Exercise aim
All pictures must be dropped, while the entries are given again word for word.

□ □ □ □

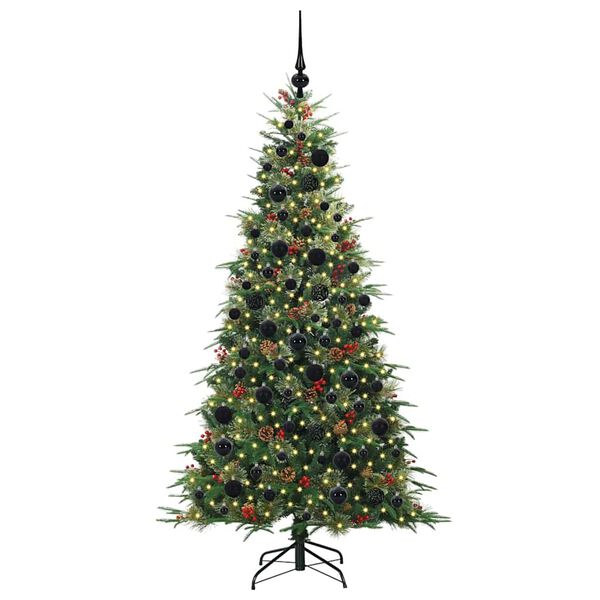 vidaXL Artificial Hinged Christmas Tree Green 180 cm PE and PVC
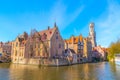 Scenic cityscape with canal in Bruges, Belgium Royalty Free Stock Photo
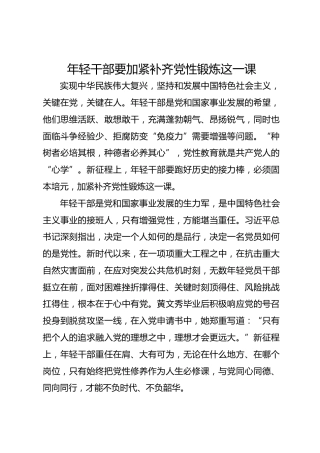 经验：年轻干部要加紧补齐党性锻炼这一课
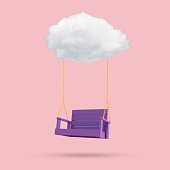 Minimal conceptual image of blue swing chair floating by the cloud on pink background. 3D rendering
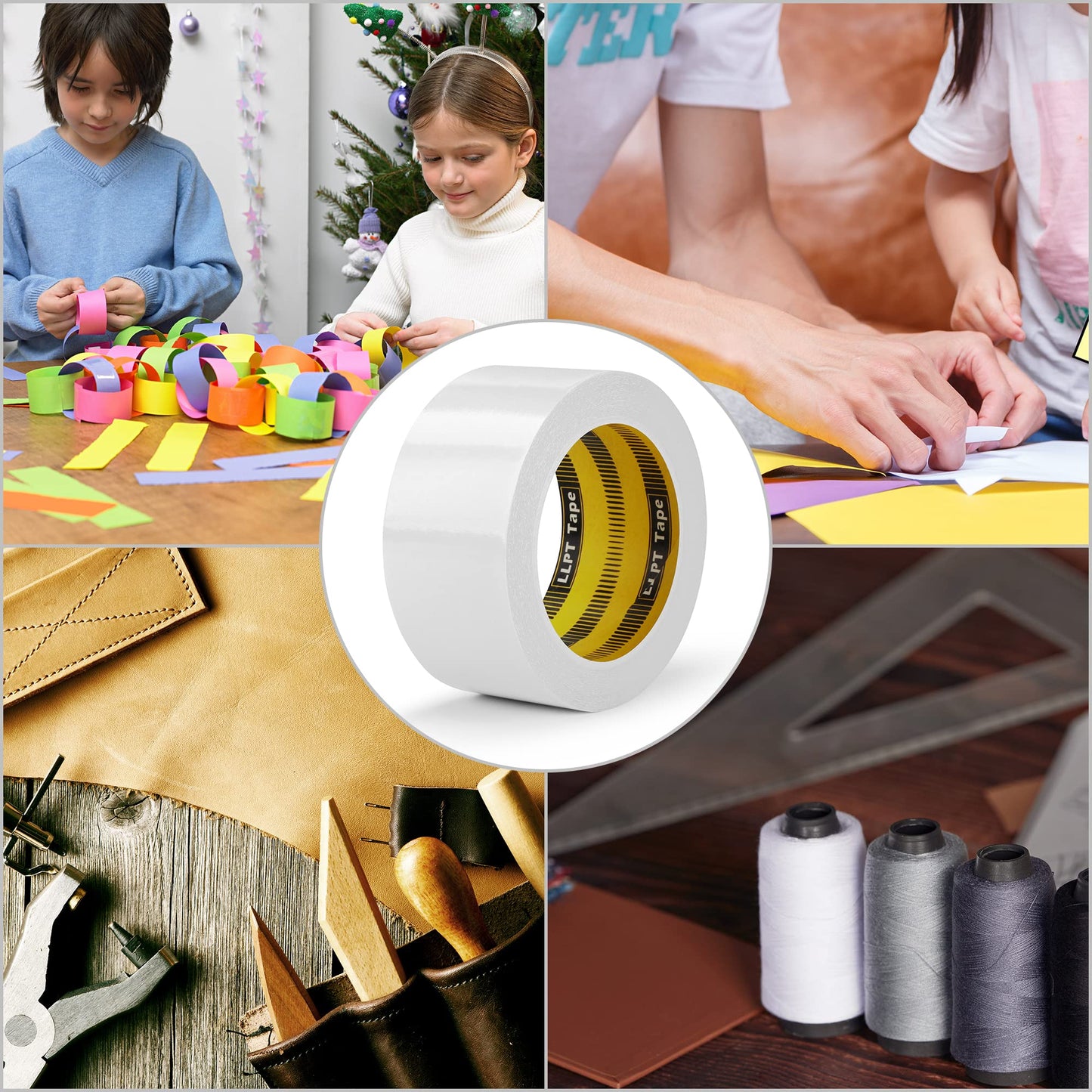 LLPT Double Sided Tape 1/2" x 50 Ft, White, 5 Pack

□ □ □ □

Reply
 vidaXL Artificial Hinged Christmas Tree Green 180 cm PE and PVC
 Scenic cityscape with canal in Bruges, Belgium Royalty Free Stock Photo
 经验：年轻干部要加紧补齐党性锻炼这一课
 Minimal conceptual image of blue swing chair floating by the cloud on pink background. 3D rendering
 LLPT Double Sided Tape 1/2" x 50 Ft, White, 5 Pack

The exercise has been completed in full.